# Description of the task:
Copy the entries that appear below in full, leaving out any picture among them.

==========

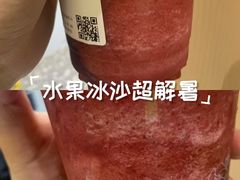 -书亦烧仙草(师大地铁站店)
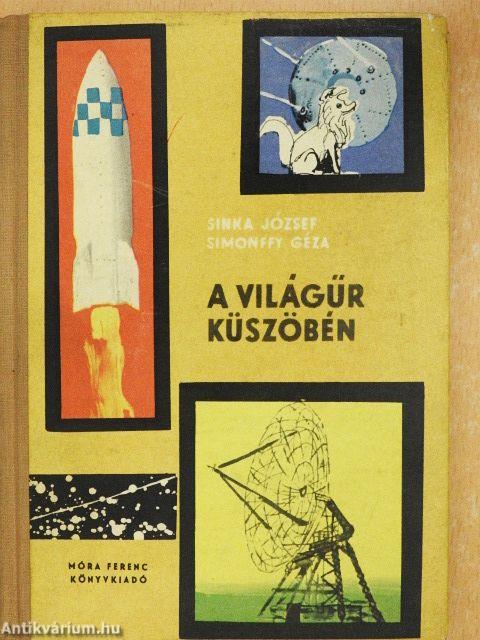 A világűr küszöbén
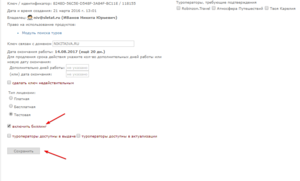 Billing-faq.png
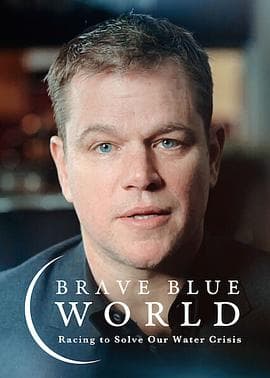 蓝色世界：终结水危机 - 纪录片 (2020) 海报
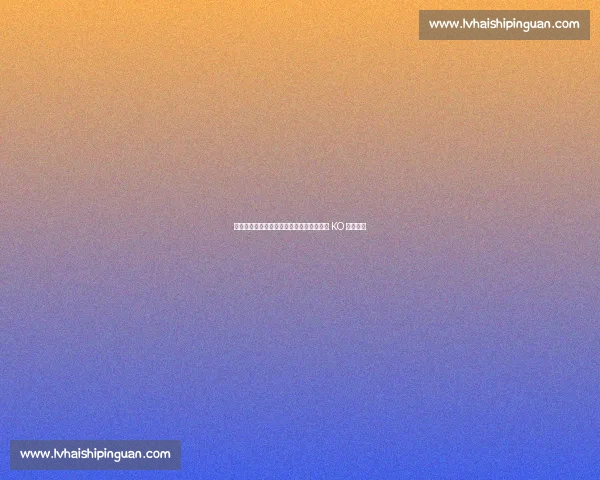 舍身踢两度读秒！苏阿布莱克踢拳首秀震撼 KO 桑阿希提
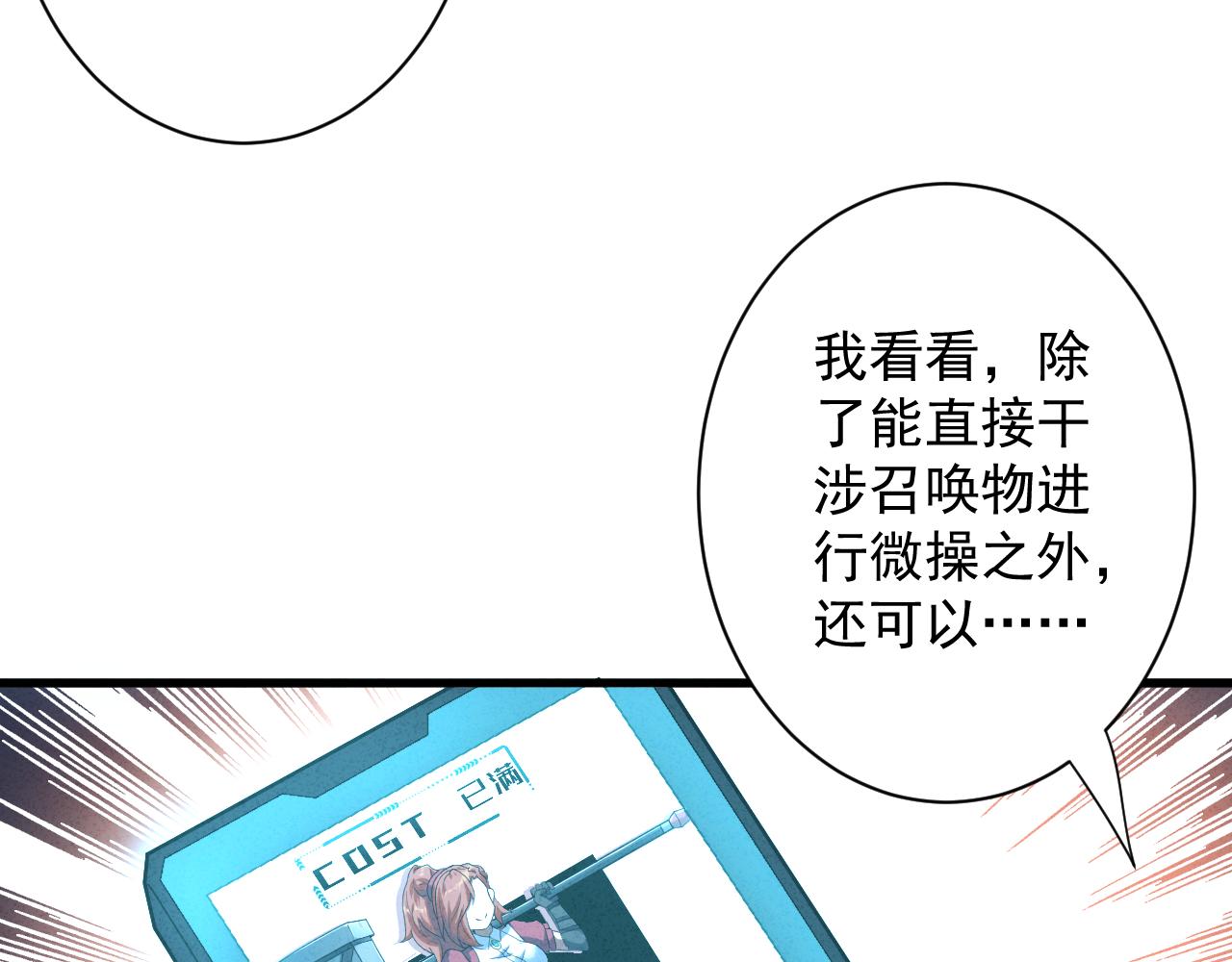 第13话 牛刀小试112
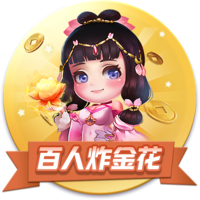>开yun体育官方正版下载入口2025最新版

==========

# Written response:
 -书亦烧仙草(师大地铁站店)
 A világűr küszöbén
 Billing-faq.png
 蓝色世界：终结水危机 - 纪录片 (2020) 海报
 舍身踢两度读秒！苏阿布莱克踢拳首秀震撼 KO 桑阿希提
 第13话 牛刀小试112
>开yun体育官方正版下载入口2025最新版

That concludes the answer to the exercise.